Data extracts Start Marker

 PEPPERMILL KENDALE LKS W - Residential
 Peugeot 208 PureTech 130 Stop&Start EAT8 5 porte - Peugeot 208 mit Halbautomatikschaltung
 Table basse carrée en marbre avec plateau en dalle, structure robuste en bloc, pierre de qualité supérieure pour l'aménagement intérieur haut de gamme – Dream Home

Data extracts End Marker
Data extracts Start Marker

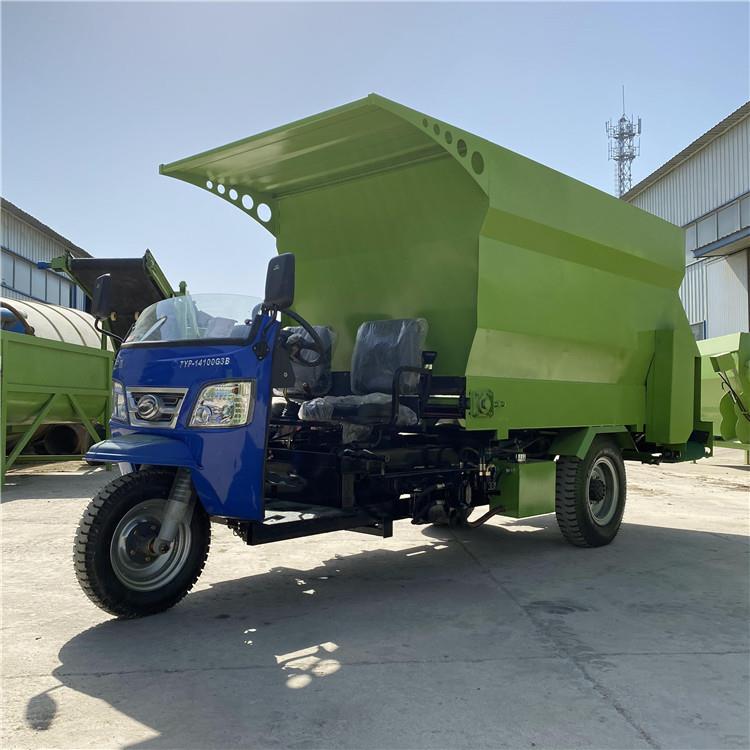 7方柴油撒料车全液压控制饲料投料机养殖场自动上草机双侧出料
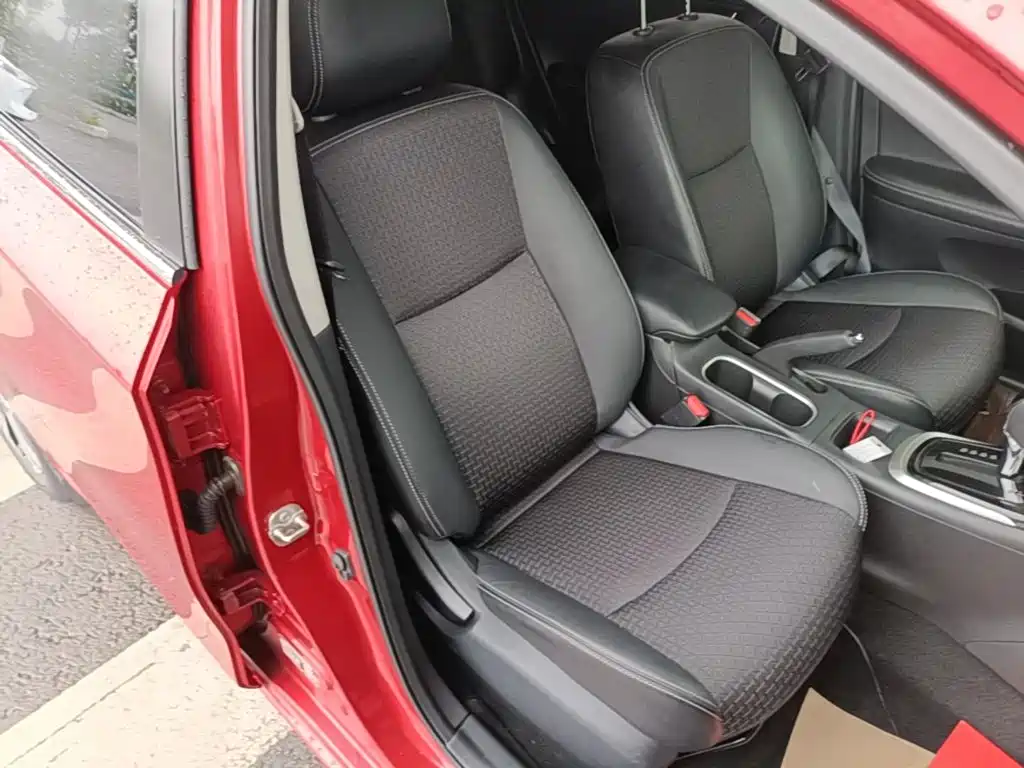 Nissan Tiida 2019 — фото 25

Data extracts End Marker

Brief: From the records above, give again exactly the lines running from the line with "PEPPERMILL KENDALE LKS W - Residential" to the line with "Table basse carrée", inclusive.

Your solution:
 PEPPERMILL KENDALE LKS W - Residential
 Peugeot 208 PureTech 130 Stop&Start EAT8 5 porte - Peugeot 208 mit Halbautomatikschaltung
 Table basse carrée en marbre avec plateau en dalle, structure robuste en bloc, pierre de qualité supérieure pour l'aménagement intérieur haut de gamme – Dream Home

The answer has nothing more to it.